MRI plays a vital role to evaluate lymphatic malformations, which contain fluid, but may appear solid on CT. Lymphatic malformations demonstrate variable T1 SI, due to different amounts of proteinaceous fluid present^10,13 and high T2 SI, often showing multiple tubular channels or septa. Some may demonstrate no enhancement or slow enhancement due to third spacing of gadolinium, especially in cases of lymphatic duct obstruction, or diffuse non-mass-like enhancement if they have a venous component such as in venolymphatic lesions. However, nodular enhancement should be viewed with suspicion and either closely followed or biopsied.¹²

The high soft tissue contrast of MRI helps in guiding the site for biopsy in areas with enhancing nodular components or restricted diffusion on DWI. On DWI, tissues with high cellularity (i.e. tumors) demonstrate restricted water diffusion and produce a higher SI on higher b-value imaging, and low ADC values.¹⁴

MRI is valuable to identify microscopic and macroscopic fat. Chemical shift T1 GRE imaging utilizing in- and out-of-phase imaging enables identification of microscopic (intravoxel) fat by demonstrating significant signal decrease on the out-of-phase compared to in-phase sequences. This is useful fto detect not only thymic hyperplasia but also dermoid cysts containing intravoxel fat.¹⁵ Additionally, macroscopic fat in mature teratomas, thymolipomas, lipomas and liposarcomas (Figure 5) can be identified on fat saturation imaging. Macroscopic fat will show high T1 and T2 SI and demonstrate signal decrease on fat saturated sequences.¹⁶

Figure 5.

42-year-old woman with an incidental mediastinal mass discovered on chest radiograph (not shown) performed to screen for tuberculosis. Contrast enhanced CT chest (A) demonstrates a large anterior mediastinal mass occupying a large portion of the left hemithorax (open arrows). The mass contains fat (stars) and soft tissue density components including large round soft tissue mass (solid arrow). Axial T1-weighted 3D GRE image without (B) and with fat saturation (C) pre-gadolinium, and axial BH ultrafast SE T2-weighted (D) images demonstrate areas within the mass of high T1 signal intensity (B, stars) and high T2 signal intensity (D, stars) and SI drop on T1-weighted fat saturation image (C, stars), consistent with macroscopic fat. Axial T1-weighted 3D GRE fat post-gadolinium (E) and subtraction (F) images show partial enhancement of the rounded mass (curved arrow). Surgical resection confirmed liposarcoma. The rounded mass component showing heterogeneous signal intensity on all pulse sequences corresponded to myxofibrosarcomatous pattern on pathology. The enhancing solid component which demonstrated low T2 signal intensity corresponds to the fibrous component, while the subtle T1 hypointense (B, triangle) and subtle T2 hyperintense (D, triangle) non-enhancing component (E, F triangle) correspond to the myxoid component.

Dynamic MRI utilizing cinematic balanced SSFP can assess adherence or invasion of a mediastinal mass to adjacent chest wall^17,18 or cardiovascular structures. The absence of a sliding motion between a lesion and an adjacent structure is highly suspicious for involvement or invasion.

Finally, MRI is indicated to differentiate the types of neurogenic tumors (schwannomas, neurofibromas and ganglioneuromas)^19
-21 (Figure 6) that may have similar CT features, and in the evaluation of intraspinal and neural extension of the tumor.²²

Figure 6.

56-year-old woman with a mass discovered on chest radiograph.
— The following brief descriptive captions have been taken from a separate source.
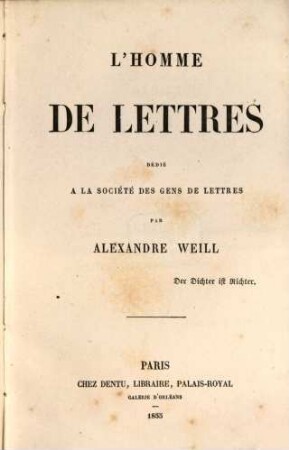 L'homme de lettres dédié à la société des gens de lettres par Alexandre Weill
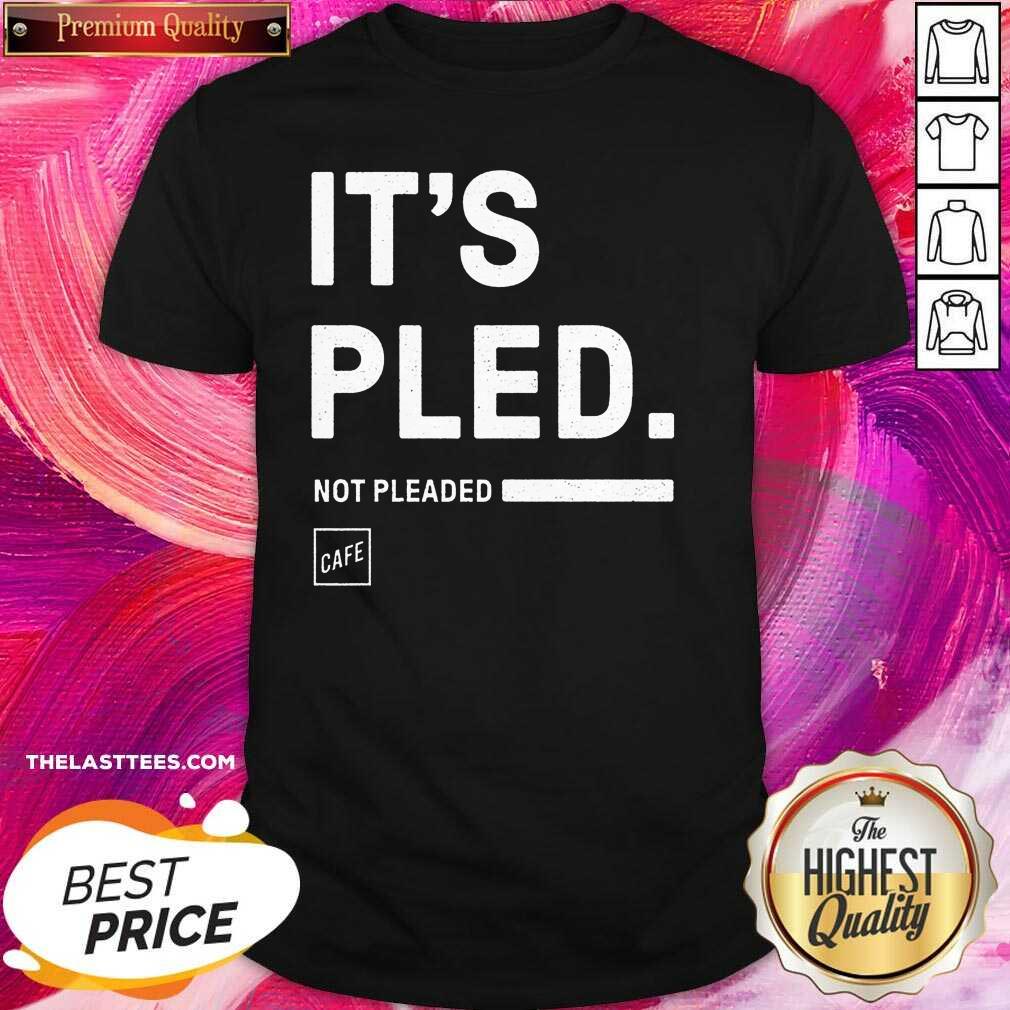 Love Its Pled Cafe Shop Shirt
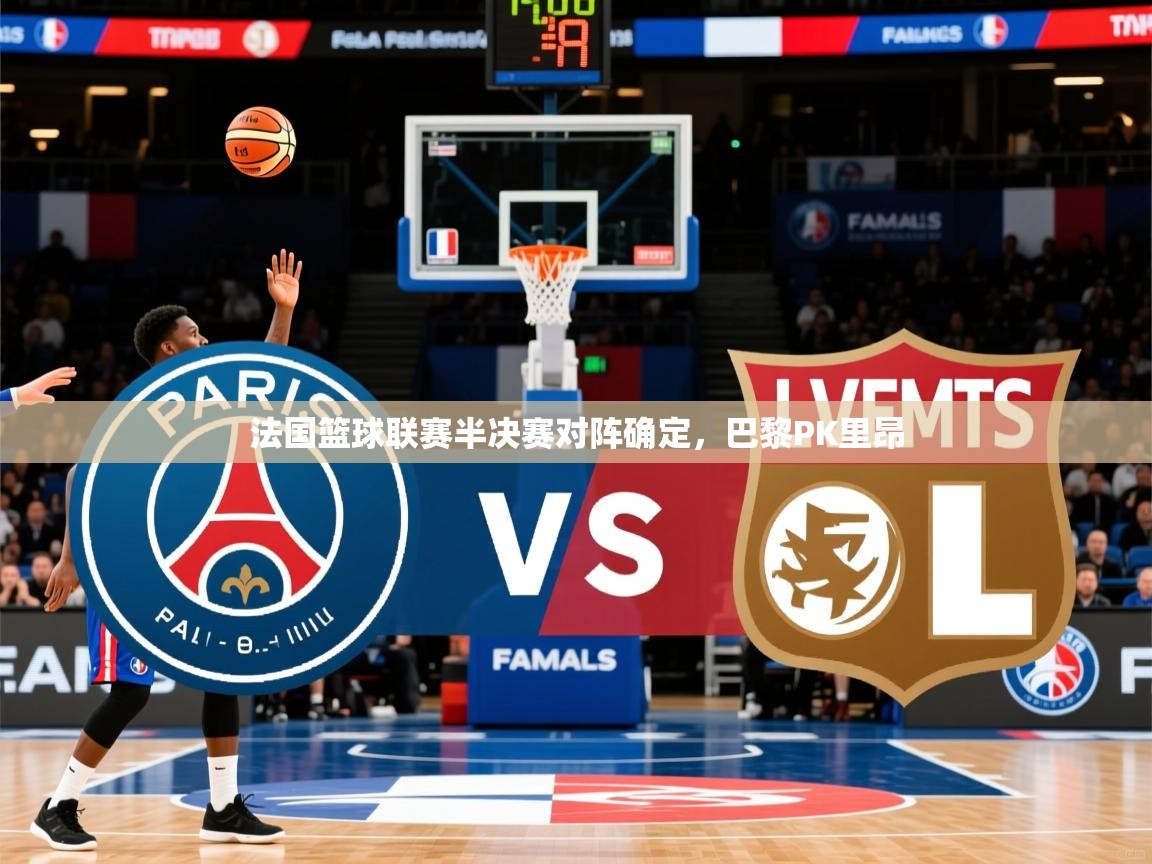 2025完美体育客服法国篮球联赛半决赛对阵确定，巴黎PK里昂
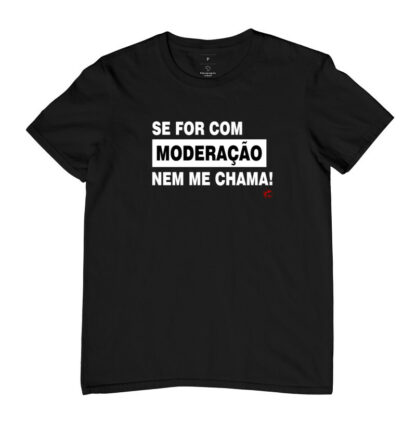 Quero Camisa - Camisas Personalizadas - Capitão Gecko - Se for com moderação, nem me chama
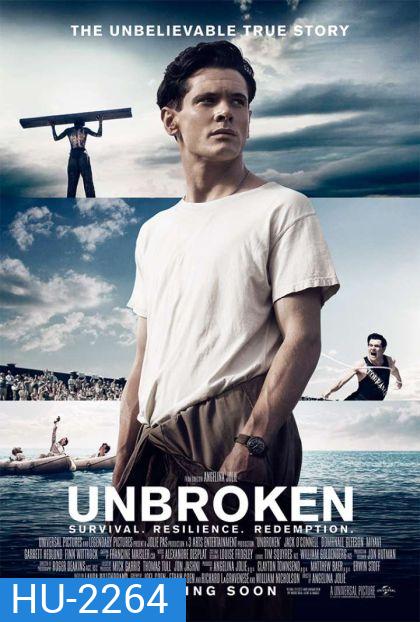 Unbroken คนแกร่งหัวใจไม่ยอมแพ้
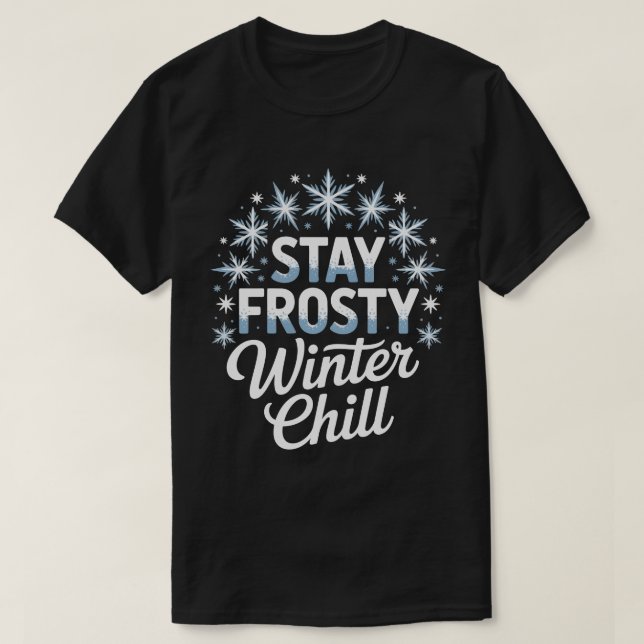 T-shirt Stay Frosty Winter Chill Christmas Tee (Design devant)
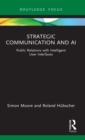 Image for Strategic communication and AI  : public relations with intelligent user interfaces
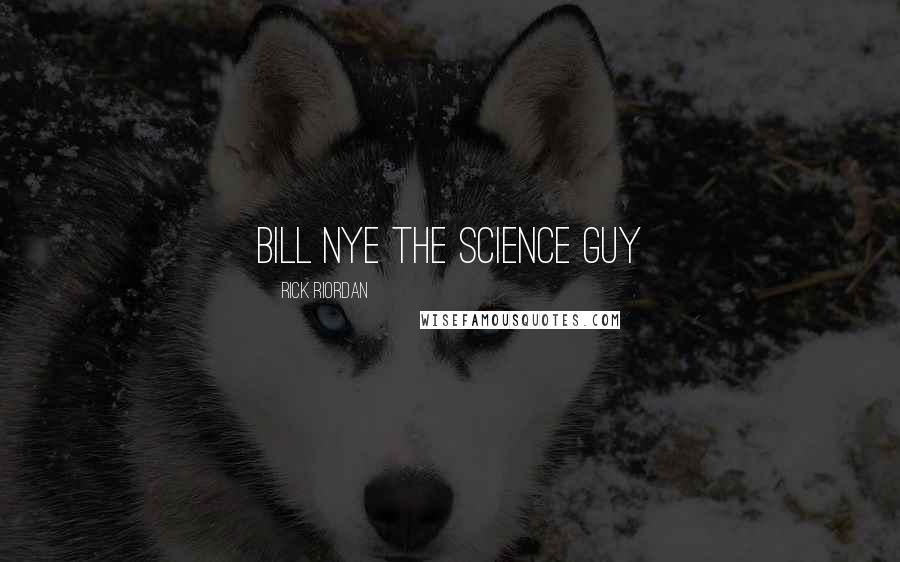 Rick Riordan Quotes: Bill Nye the Science Guy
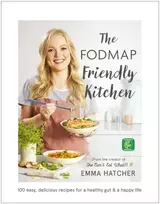 KNYGA Emma Hatcher The FODMAP Friendly Kitchen Cookbook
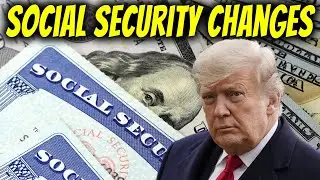 Social Security Update | $18,100 Annual Change In Benefits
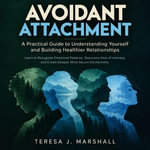Avoidant Attachment : A Practical Guide to Understanding Yourself and Building Healthier Relationships (Learn to Recognize Emotional Patterns, Overcome Fear of Intimacy, and Create Deeper, More Secure Connections) - Teresa J. Marshall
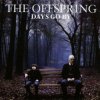 Pochette The Offspring - Days Go By The Offspring - Days Go By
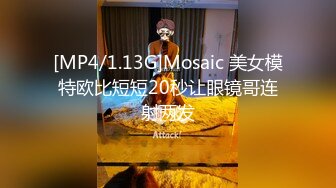 [MP4/1.13G]Mosaic 美女模特欧比短短20秒让眼镜哥连射两发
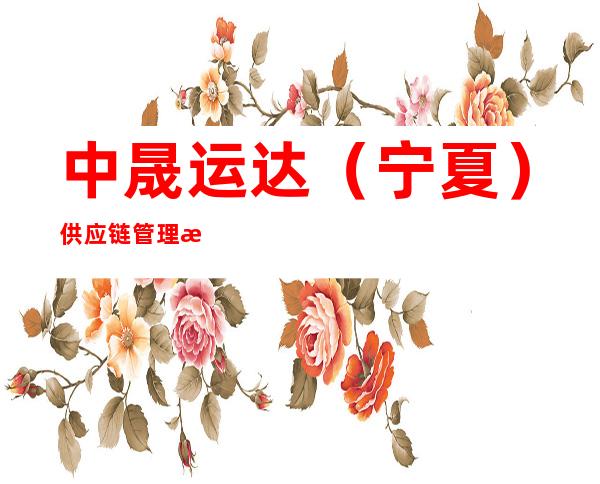 中晟运达（宁夏）供应链管理有限责任公司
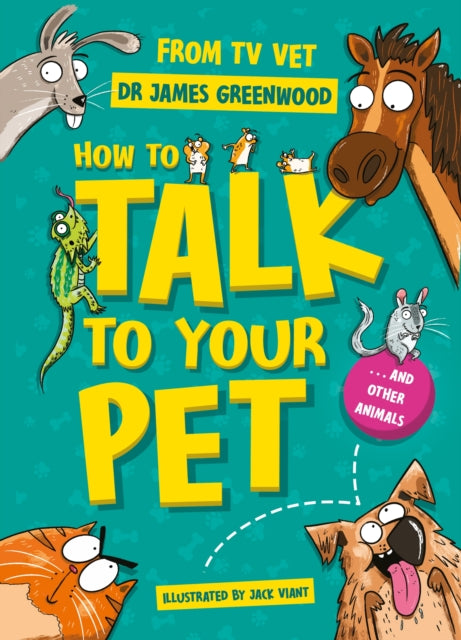 How to Talk to Your Pet : And Other Animals-9781526366399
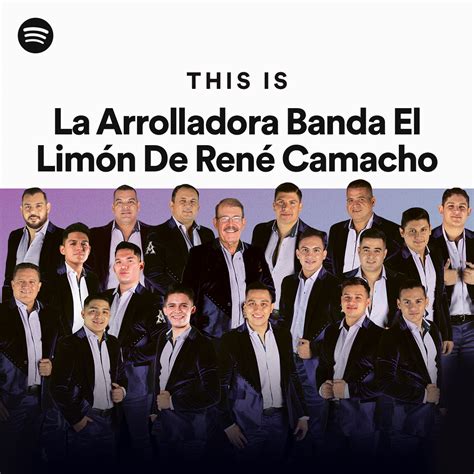 This Is La Arrolladora Banda El Limón De Rene Camacho Playlist By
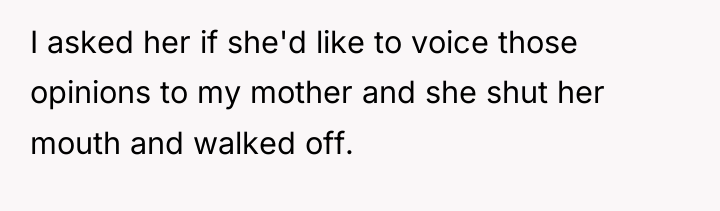 I asked her if she'd like to voice those opinions...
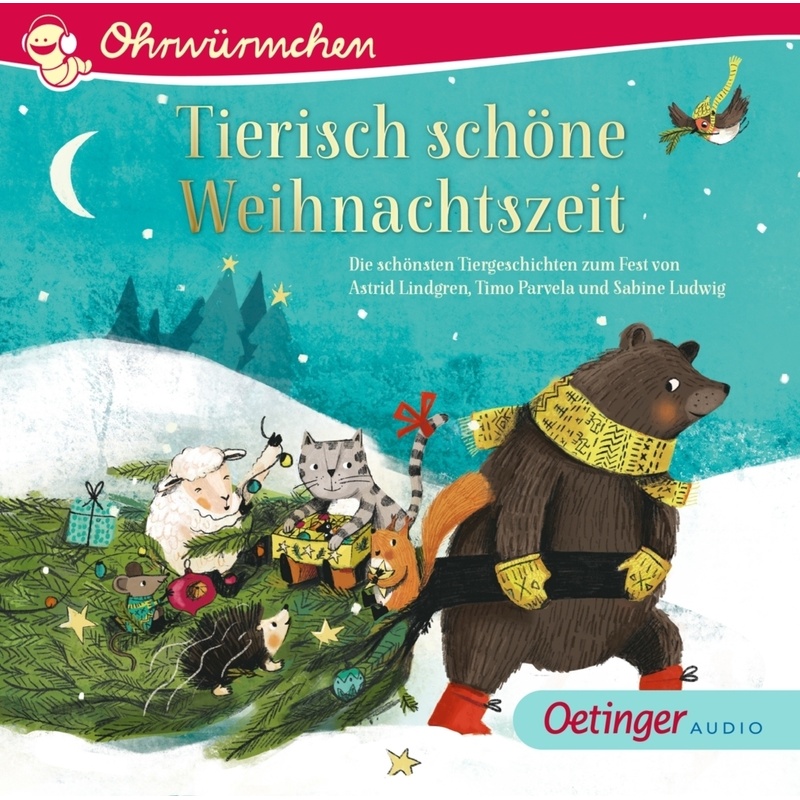 Tierisch schöne Weihnachtszeit,1 Audio-CD von Oetinger Media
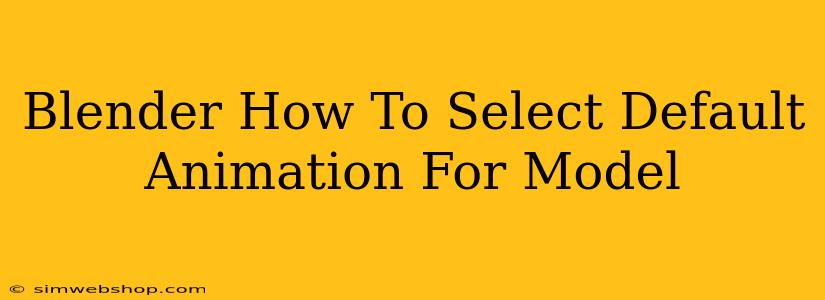 Blender How To Select Default Animation For Model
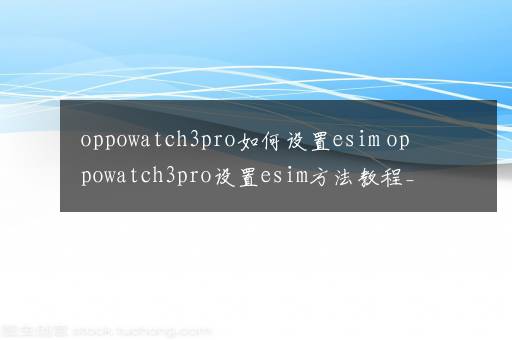 oppowatch3pro如何设置esim oppowatch3pro设置esim方法教程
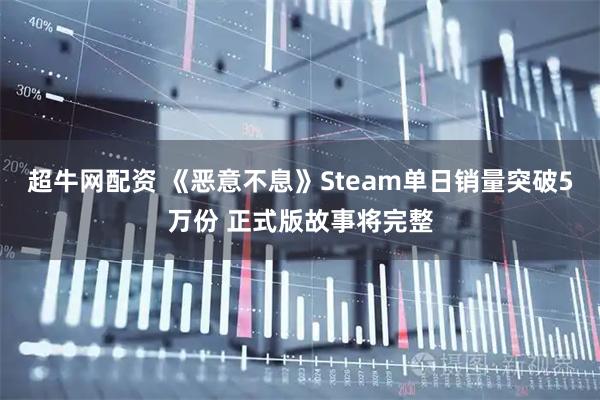 超牛网配资 《恶意不息》Steam单日销量突破5万份 正式版故事将完整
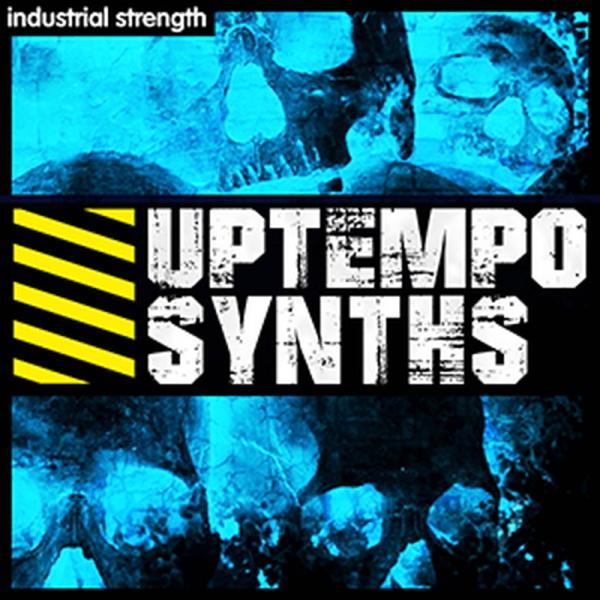 INDUSTRIAL STRENGTH UPTEMPO SYNTHS(オンライン納品)(2時間以内に...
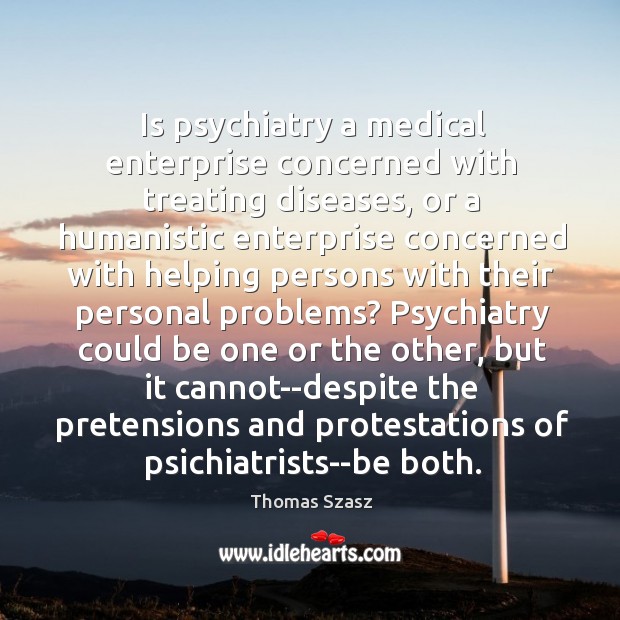 Is psychiatry a medical enterprise concerned with treating diseases, or a humanistic Thomas Szasz Picture Quote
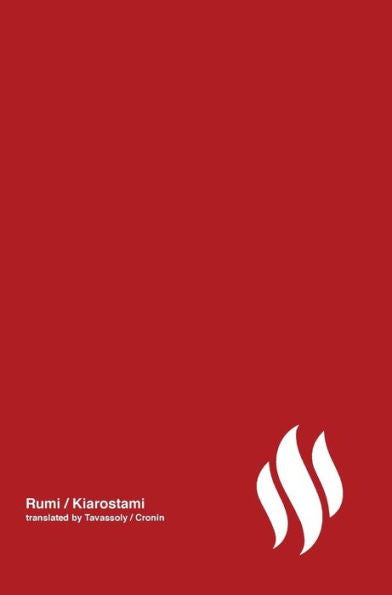 Fire (Poetry by Rumi) Volume 2 [Persian / English dual language] (English and Farsi Edition)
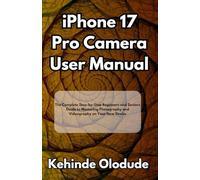 iPhone 17 Pro Camera User Manual: The Complete Step-by-Step Beginners and Seniors Guide to Mastering Photography and Videography on Your New Device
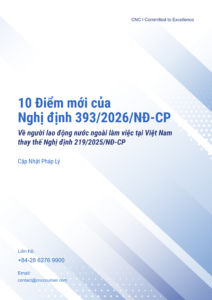 10 Điểm mới của nghị định 393/2026/NĐ-CP về người lao động nước ngoài làm việc tại Việt Nam thay thế Nghị định 219/2025/NĐ-CP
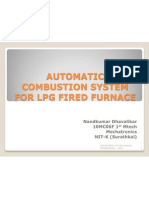 Automatic Combustion System For LPG Fired Furnace: Nandkumar Dhavalikar 10MC06F 1 Mtech Mechatronics NIT-K (Surathkal)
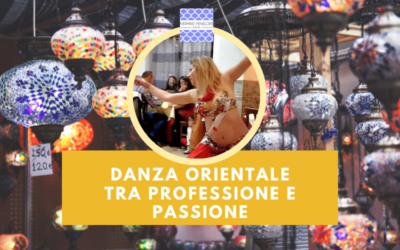 Danza orientale, tra professione e passione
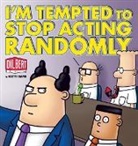 Scott Adams - I'm Tempted to Stop Acting Randomly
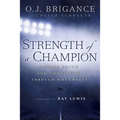 Strength of a Champion: Strength of a Champion: Finding Faith and Fortitude Through Adversity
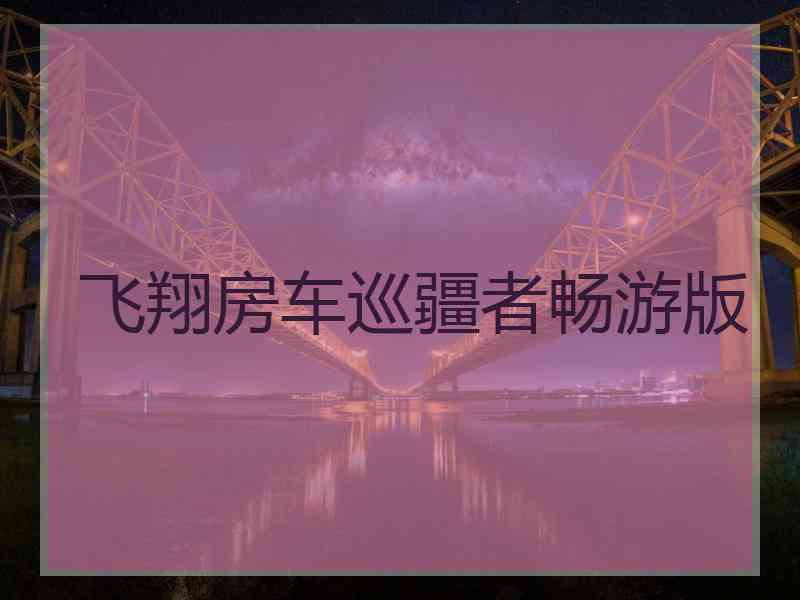 飞翔房车巡疆者畅游版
Sagittal T1-weighted (A), sagittal T2-weighted fast SE (B) and axial T2-weighted FSE (D) images demonstrate a large left lower paraspinal mass (solid arrow) at the T10 vertebral body, isointense to muscle on T1-weighted and low T2 signal intensity. The mass contains one large (star) and multiple small (open arrows) low T1 and high T2 signal intensity foci that do not enhance on the post-gadolinium fat saturated T1-weighted sagittal (C) and axial (E) images, in keeping with cystic components. The mass otherwise shows homogeneous enhancement on the post-gadolinium fat saturated T1-weighted GRE images of the solid components. The lesion does not involve the neural foramen. Surgical resection confirmed a cystic schwannoma.

Image quality is optimized by choosing breath-hold imaging over respiratory gating to eliminate respiratory motion artifact, and is best achieved with sequences which last < 20 seconds.²³ Multiple stacks (ie. multiple breath holds) should be used to cover the necessary volume when imaging cannot be obtained in 20 seconds.

Chest Wall and Pleural Masses

The diagnostic performance of imaging the chest wall and pleura with CT and MRI is similar.¹² However, the main advantage of MRI is in its superior contrast resolution for delineation of anatomy, evaluation of local invasion and the real time imaging capabilities.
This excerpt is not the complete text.